═════ Data excerpts
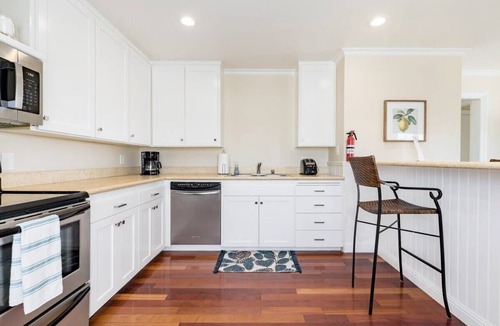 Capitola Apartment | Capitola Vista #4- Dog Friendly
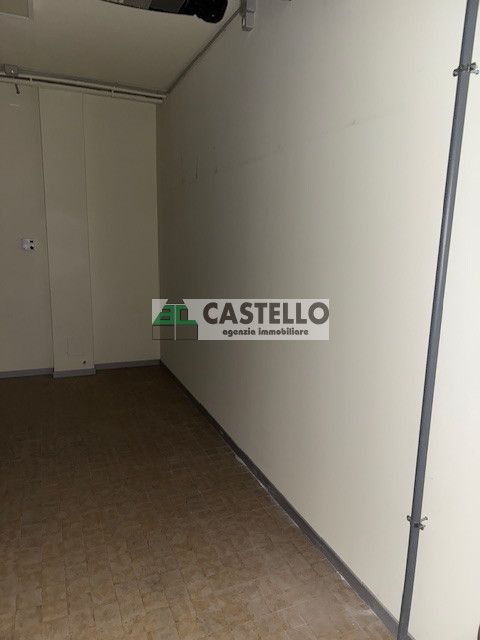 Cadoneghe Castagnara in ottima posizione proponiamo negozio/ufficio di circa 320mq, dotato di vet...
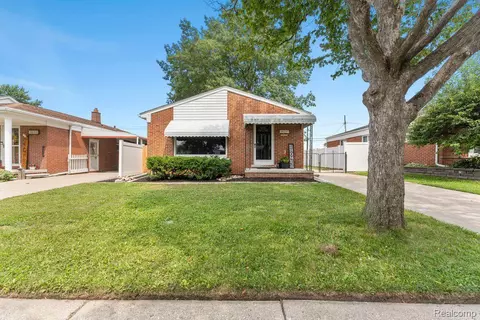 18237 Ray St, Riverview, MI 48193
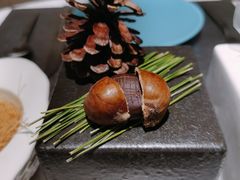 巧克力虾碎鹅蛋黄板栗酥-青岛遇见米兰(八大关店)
══════════
═════ Data excerpts
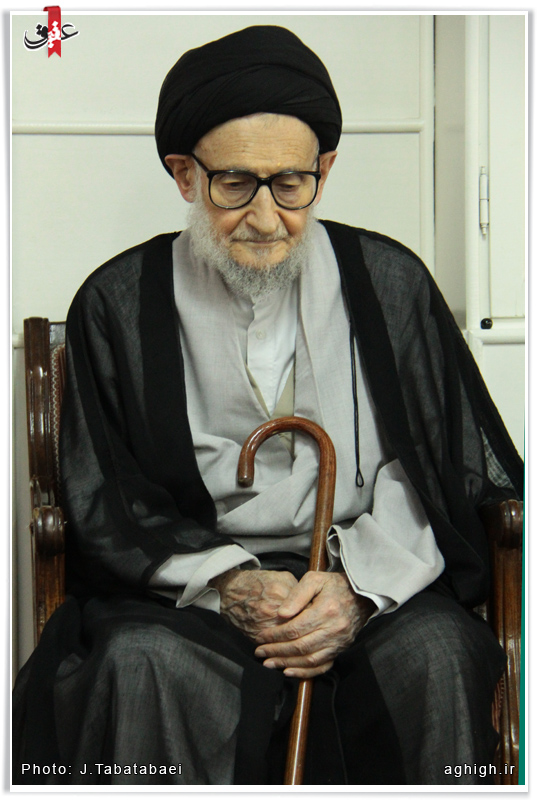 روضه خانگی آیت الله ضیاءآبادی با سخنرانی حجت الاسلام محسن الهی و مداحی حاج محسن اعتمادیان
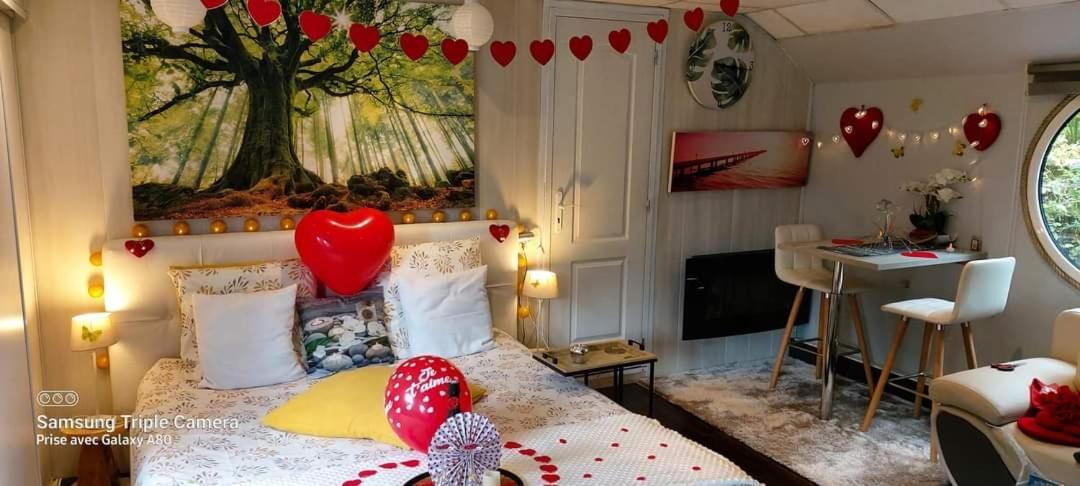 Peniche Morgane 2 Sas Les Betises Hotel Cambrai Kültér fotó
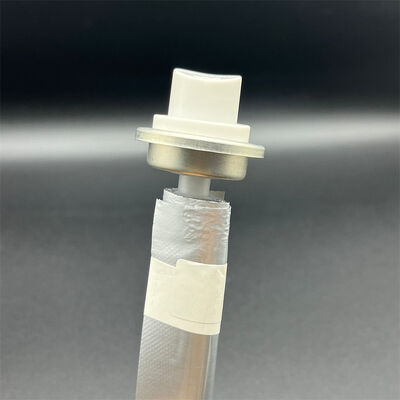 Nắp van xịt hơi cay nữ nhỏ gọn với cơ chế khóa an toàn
══════════
═════ Data excerpts
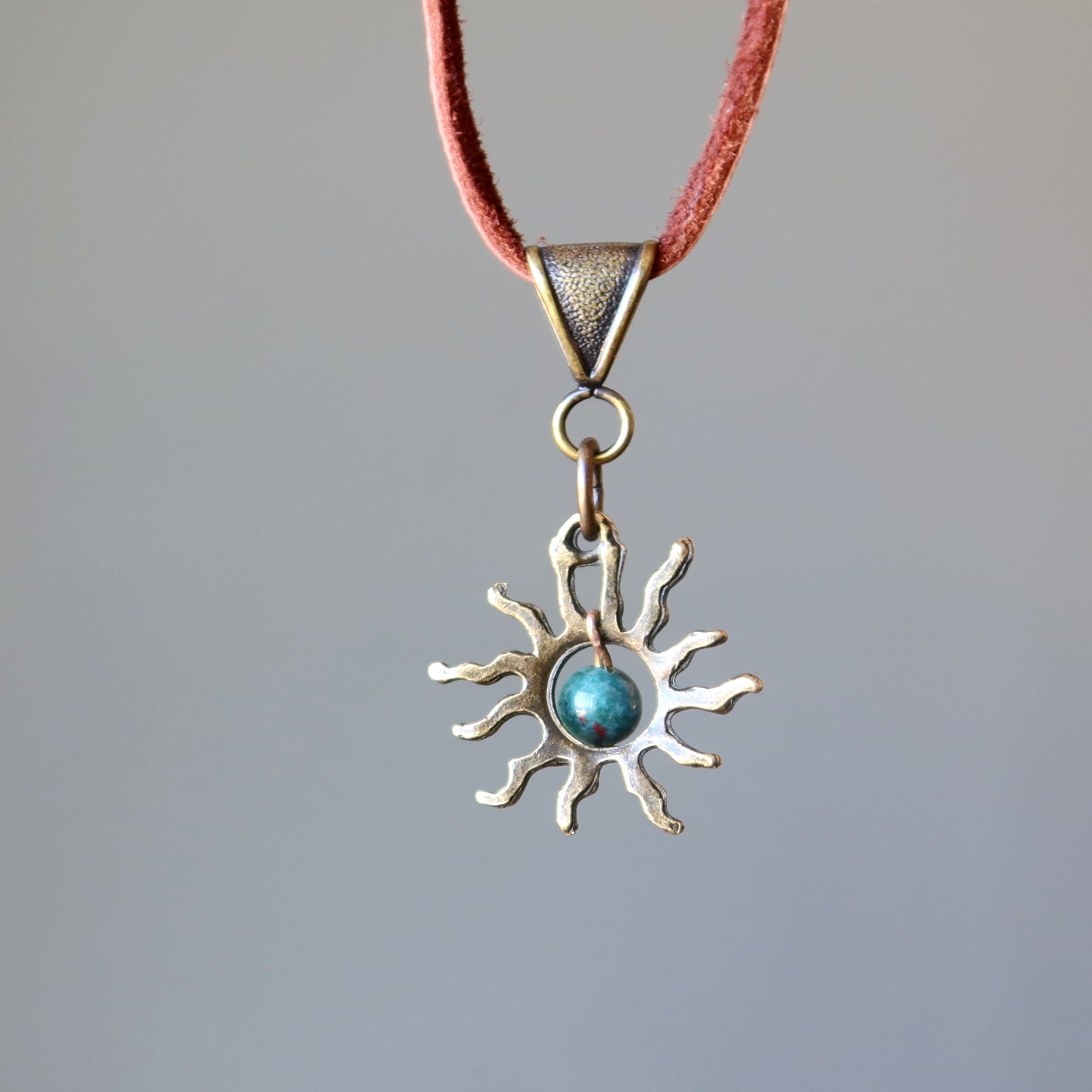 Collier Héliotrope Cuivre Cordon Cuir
══════════
Using the entries above, transcribe exactly from the line that has "روضه خانگی آیت" through the line that has "Nắp van xịt". Pictures are dropped.

=== Task solution ===
 روضه خانگی آیت الله ضیاءآبادی با سخنرانی حجت الاسلام محسن الهی و مداحی حاج محسن اعتمادیان
 Peniche Morgane 2 Sas Les Betises Hotel Cambrai Kültér fotó
 Nắp van xịt hơi cay nữ nhỏ gọn với cơ chế khóa an toàn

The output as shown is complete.